The Court also notes that after the motion to dismiss was briefed by the parties, Archbold served Griffin with an offer of judgment pursuant to Federal Rule of Civil Procedure 68, under which Archbold offered to allow judgment to be taken against it in the amount of $30,000, inclusive of all elements of damages, including compensatory and punitive danages, and expenses of litigation, including attorney's fees and costs accrued through the date of service of the offer. (Doc. 23). Archbold did not admit any liability. Griffin accepted the offer of judgment on May 5, 2009. (Doc. 21). The fact that Archbold has willingly allowed Griffin to take a judgment against it does not change the Court's decision, as "the right of indemnification is not lost or prejudiced by settlement or compromise of a claim." Randall v.
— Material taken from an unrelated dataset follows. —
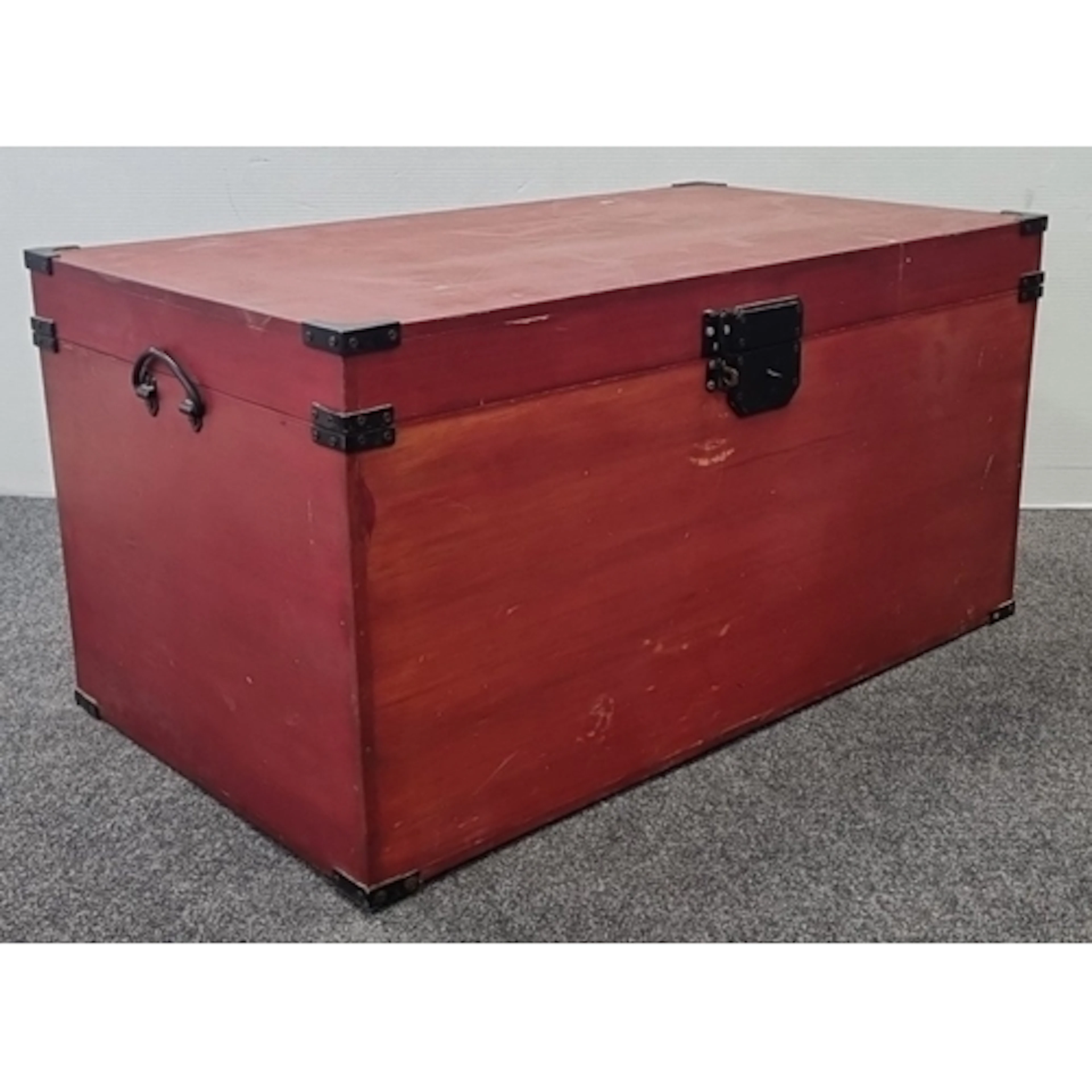 Painted Pine Storage Trunk with Metal Corner Mounts and fitt...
Norton, 192 Ga.App. 734, 737, 386 S.E.2d 518 (1989); O.C.G.A. 51-12-32(c).
As O.C.G.A. § 51-12-32 allows indemnity even if a claim has been settled and does not require the entry of a judgment against the indemnitee, Reddick's motion to dismiss Archbold's indemnity claim is denied.
3. Failure to state a claim for negligence
Finally, Reddick argues that the third-party complaint should be dismissed because a negligence claim requires that a plaintiff allege a physical injury and Griffin did not allege a physical injury in her complaint. The cases cited by Reddick, Lee v. State Farm Mutual Insurance Co., 272 Ga. 583, 533 S.E.2d 82 (2000), andMcDaniel v. Fulton County School District, 233 F.Supp.2d 1364 (N.D.Ga. 2002), both state that a party claiming negligent infliction of emotional distress must show a physical impact resulting in physical injury. This is known as the "impact rule."
The problem with the position taken by Reddick is that Griffin's claim is not for negligent infliction of emotional distress. Instead, Griffin claims that she was subjected to a battery at the hands of Reddick because of Archbold's negligent and wrongful hiring, supervision, and retention. Archbold is seeking indemnity from Reddick for the damage caused by the alleged battery. Thus, the impact rule is not applicable here. A plaintiff need not show an actual physical injury to support a claim of battery, which is an intentional tort. Vasquez v. Smith, 259 Ga.App. 79, 82, 576 S.E.2d 59 (2003). Reddick's motion to dismiss on the basis that Griffin's complaint does not allege a physical injury is denied.